Simultaneously, best practices collected from the field were scrutinized through a gender lens and a policy lens, based on learnings from policy analysis and the field as well as using gender concepts. Read the final Best Practices Collection to learn more.
Examining state budgets for allocations to adaptation sectors and to gender within them
For each of the four states, state budgets were scrutinized for their spending on adaptation-responsive sectors based on the categorization used by the Indian government in the NAPCC. This spending was then further examined for through a gender lens, to understand where women were benefited and by how much.
Read the briefing note on gender budgeting in the states to learn more.
Impact at the national level – India’s approval committee for SAPCCs at the nodal Central Ministry of Environment and Forest has asked all State governments to “highlight the gender component….with their special needs in the context of climate change as well as (ensure) their involvement in the implementation process”, as recorded in the Minutes of the April 2012 meeting of the Expert Committee. This mandate resulted from active engagement with the Central ministry and submission of the first research-based policy brief recommending ways in which State governments can incorporate a strong gender component in their SAPCCs.
State government climate plans reflect research findings and acknowledge Alternative Futures’ intervention – The latest versions of the Uttarakhand SAPCC and the Madhya Pradesh (MP) SAPCC include specific research-based gender inputs and acknowledge the role of Alternative Futures in its Foreword. The Uttarakhand SAPCC (or UAPCC) mainstreams gender in several places and includes as Annexure the detailed outcomes of the State-level policy roundtable. Based on recommendations in a policy brief for MP, the MP SAPCC includes making of gender-responsive ‘local action plans on adaptation (LAPAs)’ by village Panchayats (local self-governance institutions) as an adaptation strategy.
Government ‘ownership’ of the evidence-based policy advocacy process – All policy roundtables were hosted by the State governments with invite letters sent to different department by the SAPCC nodal officers. The Minutes of the Expert Committee include gender as one of the many listed areas to be addressed by all SAPCCs.

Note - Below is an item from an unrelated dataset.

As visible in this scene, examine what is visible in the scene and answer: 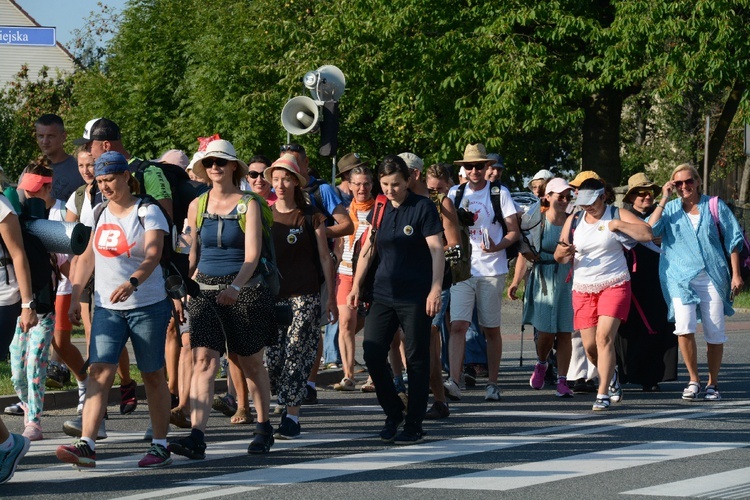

Some research output submissions have been included in India’s submission on gender to UNFCCC: Some of the research outputs submitted to the Central Ministry of Environment and Forests (MoEF) have been used in the official submission made by India to UNFCCC on the 18th Conference of Parties (COP) decision on the goal of advancing gender balance in bodies established to the Convention and the Kyoto Protocol. One of the points has been included verbatim – ‘Monitoring, evaluation and reporting on all climate- responsive programmes must be undertaken using gender-responsive indicators and involving gender experts.’ Other areas included relate to gender budgeting, gender sensitization of policy makers and creating an enabling environment for women to become active agents in climate solutions and decisions regarding these.